[[ Dataset extract open ]]
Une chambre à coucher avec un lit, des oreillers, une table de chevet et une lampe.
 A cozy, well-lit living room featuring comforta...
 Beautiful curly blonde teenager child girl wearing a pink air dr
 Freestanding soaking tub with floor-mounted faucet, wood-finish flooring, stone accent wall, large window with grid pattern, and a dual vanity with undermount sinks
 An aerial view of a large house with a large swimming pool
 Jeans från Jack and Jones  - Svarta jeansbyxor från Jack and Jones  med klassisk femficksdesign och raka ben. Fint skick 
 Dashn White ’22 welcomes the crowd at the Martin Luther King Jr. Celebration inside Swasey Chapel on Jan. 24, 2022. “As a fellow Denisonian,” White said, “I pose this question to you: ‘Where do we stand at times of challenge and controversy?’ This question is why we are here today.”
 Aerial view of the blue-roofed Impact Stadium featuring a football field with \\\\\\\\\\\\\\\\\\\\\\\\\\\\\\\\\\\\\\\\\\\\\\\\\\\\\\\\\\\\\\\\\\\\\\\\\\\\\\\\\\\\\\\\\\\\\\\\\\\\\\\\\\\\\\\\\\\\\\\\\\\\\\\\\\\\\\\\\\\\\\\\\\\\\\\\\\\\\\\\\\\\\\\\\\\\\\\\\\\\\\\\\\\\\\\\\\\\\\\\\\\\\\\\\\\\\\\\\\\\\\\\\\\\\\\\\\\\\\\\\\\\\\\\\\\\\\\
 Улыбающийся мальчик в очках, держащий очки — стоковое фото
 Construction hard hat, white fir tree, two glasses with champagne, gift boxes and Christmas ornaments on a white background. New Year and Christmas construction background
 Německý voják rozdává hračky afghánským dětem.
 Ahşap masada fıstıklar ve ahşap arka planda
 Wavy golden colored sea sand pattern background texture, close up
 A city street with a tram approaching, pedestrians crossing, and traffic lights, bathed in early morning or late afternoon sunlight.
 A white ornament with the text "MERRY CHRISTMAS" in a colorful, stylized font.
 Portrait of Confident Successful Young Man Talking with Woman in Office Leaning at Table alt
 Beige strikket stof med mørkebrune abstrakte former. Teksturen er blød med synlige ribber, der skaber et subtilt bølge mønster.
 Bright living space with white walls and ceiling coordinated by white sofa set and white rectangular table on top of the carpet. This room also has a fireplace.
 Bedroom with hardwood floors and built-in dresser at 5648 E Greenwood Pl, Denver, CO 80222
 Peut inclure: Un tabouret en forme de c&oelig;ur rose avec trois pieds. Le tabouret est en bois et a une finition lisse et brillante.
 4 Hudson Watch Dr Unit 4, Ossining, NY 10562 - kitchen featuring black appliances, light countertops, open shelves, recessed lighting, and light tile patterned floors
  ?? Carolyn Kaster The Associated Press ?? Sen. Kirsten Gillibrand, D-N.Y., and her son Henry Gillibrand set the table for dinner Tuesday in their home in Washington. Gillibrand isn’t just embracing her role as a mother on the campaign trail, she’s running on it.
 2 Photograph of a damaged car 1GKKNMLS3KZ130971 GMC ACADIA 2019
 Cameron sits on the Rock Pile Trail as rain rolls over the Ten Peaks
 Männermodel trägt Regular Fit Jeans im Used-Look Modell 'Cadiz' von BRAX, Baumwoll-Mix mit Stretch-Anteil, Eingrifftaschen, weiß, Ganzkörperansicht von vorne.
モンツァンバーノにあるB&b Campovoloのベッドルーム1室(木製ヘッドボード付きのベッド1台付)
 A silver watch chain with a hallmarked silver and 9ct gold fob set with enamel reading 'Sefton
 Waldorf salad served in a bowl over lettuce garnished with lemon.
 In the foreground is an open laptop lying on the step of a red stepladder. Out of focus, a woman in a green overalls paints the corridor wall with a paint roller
[[ Dataset extract closed ]]
Your assignment. Set down, exactly as they appear, the line holding "A silver watch" and every line after it until the records end.

Task result.
 A silver watch chain with a hallmarked silver and 9ct gold fob set with enamel reading 'Sefton
 Waldorf salad served in a bowl over lettuce garnished with lemon.
 In the foreground is an open laptop lying on the step of a red stepladder. Out of focus, a woman in a green overalls paints the corridor wall with a paint roller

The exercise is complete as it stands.